I am an anthropologist driven by a simple but urgent conviction: that the world needs knowledge that is as entangled, plural and committed as the crises we face. My work sits at the intersection of organization studies, anthropology, political ecology, and post-humanism, and it is guided by a belief that understanding how communities organize under climate change, neoliberal pressure, and postcolonial inequality requires more than detached observation. It requires solidarity, creativity, and a willingness to work across boundaries.
My research moves along three interconnected streams: resilience, hydrofeminism, and multispecies cooperation. I ask how communities, ecosystems, and non-human actors co-organize, co-produce, and co-create knowledge when the ground shifts beneath them and the climate is acceleratingly changing. Much of this work is rooted in long-term ethnographic fieldwork in Lombok, Indonesia, where my doctoral dissertation Harvesting Uncertainty traces climate perceptions, agrarian struggle, and the collision of local knowledge with global economic forces.

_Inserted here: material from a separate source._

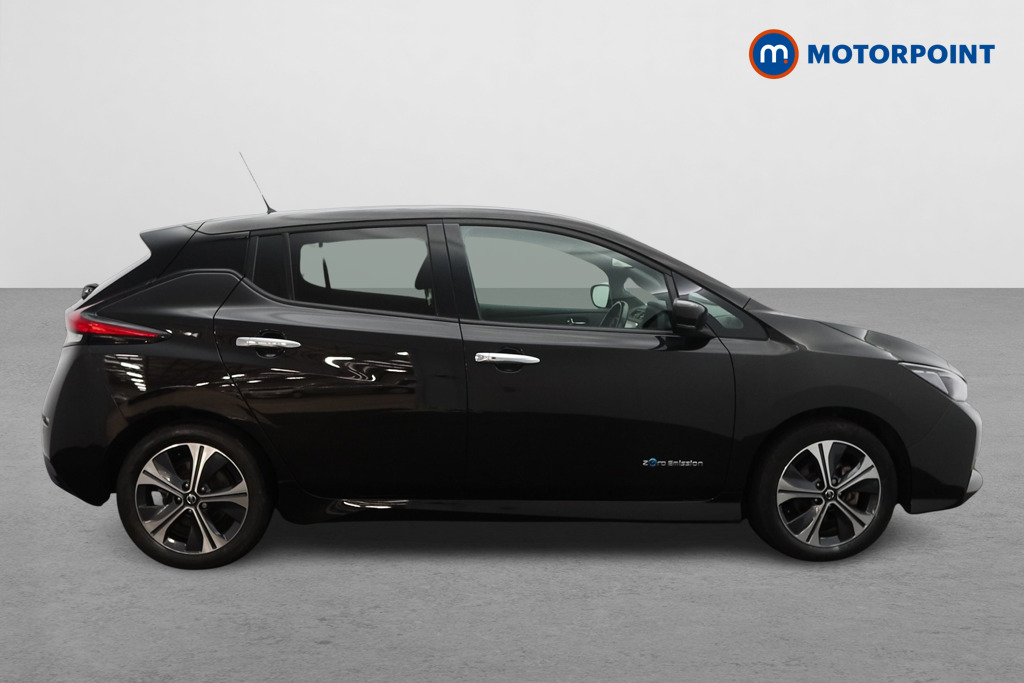 Nissan Leaf N-Connecta Automatic Electric Hatchback - Stock Number (1644873) - Drivers side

At the same time, I am increasingly working closer to home: on latent civic networks in Amsterdam Nieuw-West, on water justice and alternative organizing in Europe, and on what bees, biogas, and ecofeminist communities can teach us about alternative ways of organizing society and community.
I publish in journals such as the Journal of Rural Studies, South East Asia Research, and the International Journal of Disaster Risk Reduction, and I have several pieces currently under review on hydrofeminism and decolonial organizing. But academic publishing is one part of how I want my work to matter, I collaborate with Mediamatic, the Embassy of the North Sea, East West Seed, and a range of civic organizations, and I co-edit enclimores.org as a platform for engage climate and migration scholarship. I am co-founder of the Environmental and Climate Mobilities and Resilience Hub, and I write, make magazines, and work with artists, because I believe research communication and impact need more than one vessel.
In my teaching at the Department of Organization Sciences, I try to do the same thing I do in my research: connect theory to the texture of real life and make space for students to think seriously about the world they are inheriting. I coordinate the thesis trajectory in the B&O bachelor programme, supervise master students in COM, part of the OLC of BCO, and am actively involved in curriculum innovation.